Records to use -
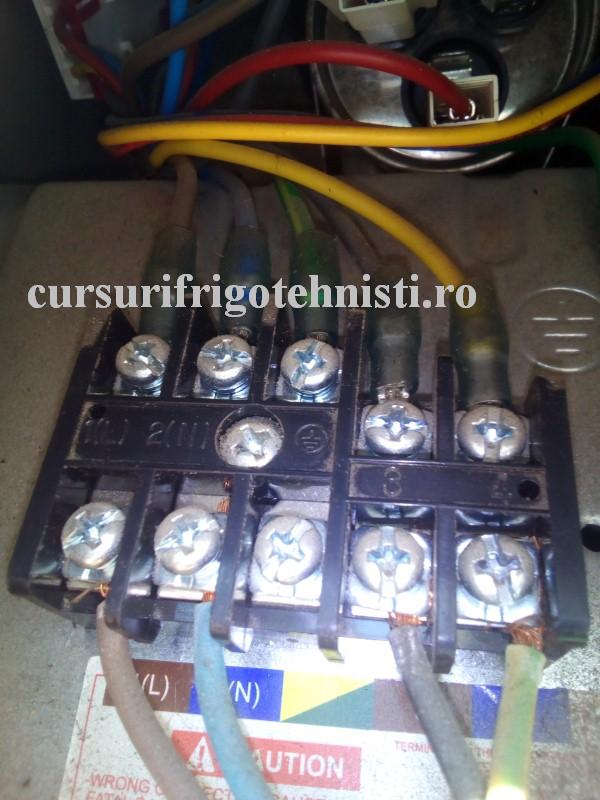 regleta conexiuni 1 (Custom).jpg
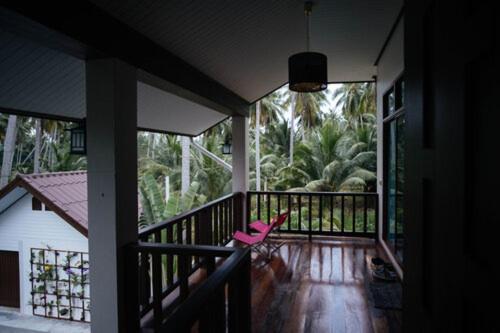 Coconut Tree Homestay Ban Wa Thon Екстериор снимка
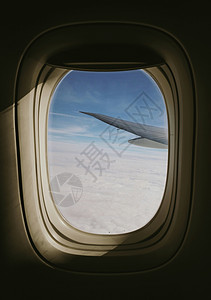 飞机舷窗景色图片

==

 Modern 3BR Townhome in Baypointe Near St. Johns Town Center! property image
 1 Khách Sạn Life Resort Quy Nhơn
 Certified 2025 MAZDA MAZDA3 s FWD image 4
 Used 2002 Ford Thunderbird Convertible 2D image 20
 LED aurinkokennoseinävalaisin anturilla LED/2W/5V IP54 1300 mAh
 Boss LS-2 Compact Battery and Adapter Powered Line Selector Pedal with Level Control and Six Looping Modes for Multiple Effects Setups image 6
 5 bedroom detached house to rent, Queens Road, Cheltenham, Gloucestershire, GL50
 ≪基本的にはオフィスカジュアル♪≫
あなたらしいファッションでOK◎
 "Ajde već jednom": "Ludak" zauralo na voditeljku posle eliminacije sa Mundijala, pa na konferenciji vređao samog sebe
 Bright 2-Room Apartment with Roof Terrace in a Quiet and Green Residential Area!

Directions for this task -
With the first line being the one containing "Boss LS-2 Compact" and the last line the one containing "Bright 2-Room Apartment", transcribe exactly the lines above that fall in that range.

Answer box -
 Boss LS-2 Compact Battery and Adapter Powered Line Selector Pedal with Level Control and Six Looping Modes for Multiple Effects Setups image 6
 5 bedroom detached house to rent, Queens Road, Cheltenham, Gloucestershire, GL50
 ≪基本的にはオフィスカジュアル♪≫
あなたらしいファッションでOK◎
 "Ajde već jednom": "Ludak" zauralo na voditeljku posle eliminacije sa Mundijala, pa na konferenciji vređao samog sebe
 Bright 2-Room Apartment with Roof Terrace in a Quiet and Green Residential Area!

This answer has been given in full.